The Faculty is the home of the world-renowned Human Rights Research and Education Centre. Four Supreme Court of Canada justices (Michel Bastarache, Louise Charron, Gerald Fauteux and Chief Justice Richard Wagner) have close links with the faculty. Two presidents of the University of Ottawa, Alan Rock and Jacques Frémont, have deep public law backgrounds. An institutional legacy in public law could be built around far less.

And yet the University of Ottawa’s public law strength for some time spanned far wider when one considered the full range of public law related scholarship: Jamie Benidickson in Environmental Law; Denis Nadeau in Labour Law; Nicole Laviolette and Marie Pratte in Family Law; Louise Belanger-Hardy in Health Law; Craig Forcese in National Security Law; Yves LeBouthillier in Immigration Law, just to take a few examples. In the early years of the new century, both Civil Law and Common Law sections of the Faculty continued to expand, adding a new generation of impressive public law school.

The Public Law Group

In 2010, the University of Ottawa Public Law Group (PLG) was created with the primary goal of bringing our many experts into closer contact within the Faculty and within the National Capital Region, all the while signalling our public law strength to the rest of Canada and the outside world. Many workshops, panels and conferences were organised under the auspices of the Public Law Group, including six Emerging Issues in Public Law Conferences, conferences celebrating Supreme Court Justice Louise Charron and Chief Justice Beverley McLachlin, and a Conference marking the 150th anniversary of Confederation.

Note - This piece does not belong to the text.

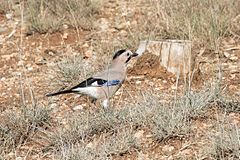 Garrulus glandarius Eurasian Jay Alakarga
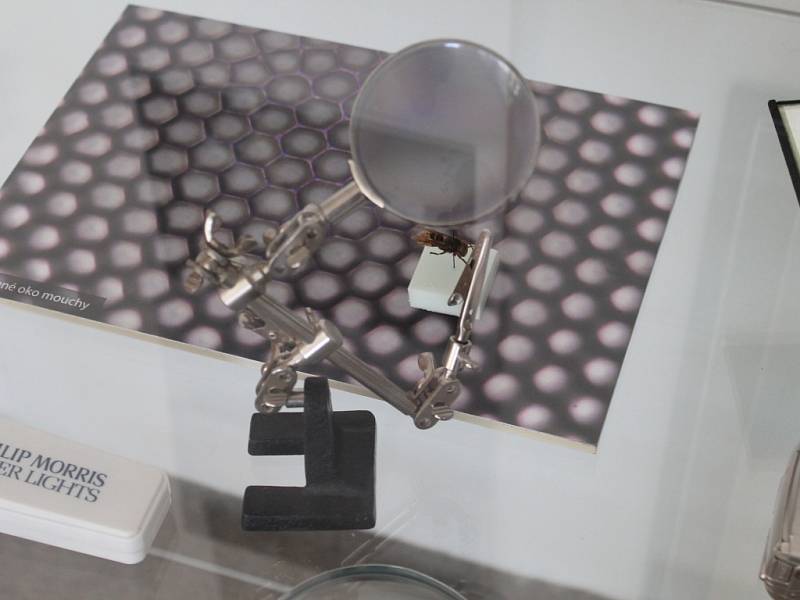 Mikroskopy na výstavě Co oko nevidí v novostrašeckém muzeu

Adam Dodek (2015-16), Carissima Mathen (2014-15), Peter Oliver (2011-14, 2015-16) and Michael Pal (2016-19) served as directors of the Public Law Group. Public law experts such as Carissima Mathen, Errol Mendes, Sébastien Grammond and David Robitaille became regular commentators on national media.

During this same period, key appointments were made, again solidifying the Faculty’s broad-based public law strength: Katherine Lippel, SSHRC Gold Medal winner, became Canada Research Chair in Occupational Health and Safety Law; Ghislain Otis became Canada Research Chair in Legal Diversity and Indigenous Peoples; Pascale Fournier took up a University Research Chair in Legal Pluralism and Comparative Law; Colleen Flood, a University Research Chair in Health Law and Policy; Tracy Lindberg, a University Research Chair in Indigenous Laws and Legal Orders; Paul Daly, a University Research Chair in Administrative Law and Governance; and Dean Marie-Ève Sylvestre, a University Research Chair in Law and Criminal Justice Policy, and the Regulation of Marginalized People. Many of the present and past holders of the Shirley Greenberg Chair of Women and the Legal Profession have contributed to public law at the Faculty in significant ways (Natasha Bakht, Rosemary Cairns-Way, Angela Cameron, Martha Jackman, Sanda Rodgers, Elizabeth Sheehy).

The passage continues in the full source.